Untitled Document

THE GLOBAL GAG RULE AND BUSH'S HIV/AIDS INITIATIVE:
PUTTING POLITICS BEFORE PUBLIC HEALTH
Statement by the International Women's Health Coalition

It is unconscionable for the Bush administration to politicize health issues at the expense of poor women around the world. As in the past, the Administration has bowed to the winds of an extreme anti-health, anti-science, and anti-woman minority, even as the world is coming together in a concerted effort to fight HIV/AIDS.

The Administration has a clear track record in this regard. It has blocked funding for UNFPA, an agency that works on HIV prevention and its social underpinnings. It has attempted to block international consensus on the use of condoms to prevent HIV/AIDS at numerous UN conferences. And now, it appears to be doing whatever it can to ensure that comprehensive reproductive health services will not be available to those who most need them.

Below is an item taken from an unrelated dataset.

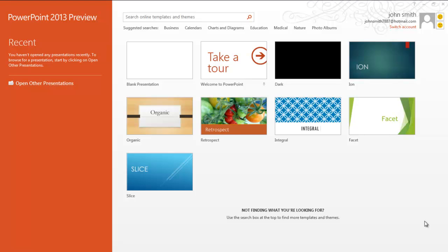In this tutorial we will show you the new features in Microsoft PowerPoint 2013. PowerPoint 2013 comes with better animations, it includes presenter view, an improved commenting system, and a whole new set of templates.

The proportion of those living with HIV/AIDS who are women is on the rise-globally, it jumped from 41 percent in 1997 to 47 percent in 2000-and it is now widely recognized that pervasive gender inequalities fuel the epidemic's spread in every region of the world. In sub-Saharan Africa, where the majority of Bush's "Emergency AIDS Initiative" funds will be directed, 58 percent of those infected with HIV are women. Young women in sub-Saharan Africa experience HIV prevalence rates two to three times higher than their young male counterparts, partly because they are biologically more vulnerable, but mainly because they are at a distinct social disadvantage.

"Young women receive very little information about their sexuality, are frequently subjected to sexual violence, and are powerless to control when and with whom they have sexual relations," says Adrienne Germain, President of the International Women's Health Coalition. "The Administration's determination to eliminate comprehensive sexuality education programs, impose an abstinence-only until marriage policy, defund UNFPA, and deny funds to organizations that deliver the full range of health services that girls and women need will exacerbate-not curb-the spread of HIV/AIDS."

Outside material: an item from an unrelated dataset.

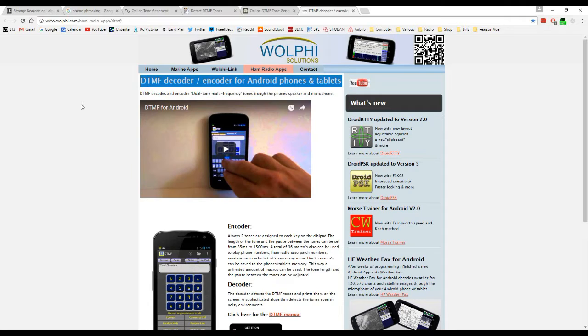This is one from a group called Wolfie Solutions, and it's made for the Android phone. It works really well, and it's got both a DTMF generator and a decoder built into it. So you can use something like that.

The Global Gag Rule currently in place denies money to organizations already well positioned to provide women with the services they require. In many of the countries slated to receive money in Bush's "Emergency AIDS Initiative," public health systems are extremely weak. If HIV NGOs are subjected to the gag rule, then women will truly have nowhere to turn. Allowing U.S. domestic politics to dictate what health services women are allowed to have is an unconscionable substitution of ideology for sound public health policy.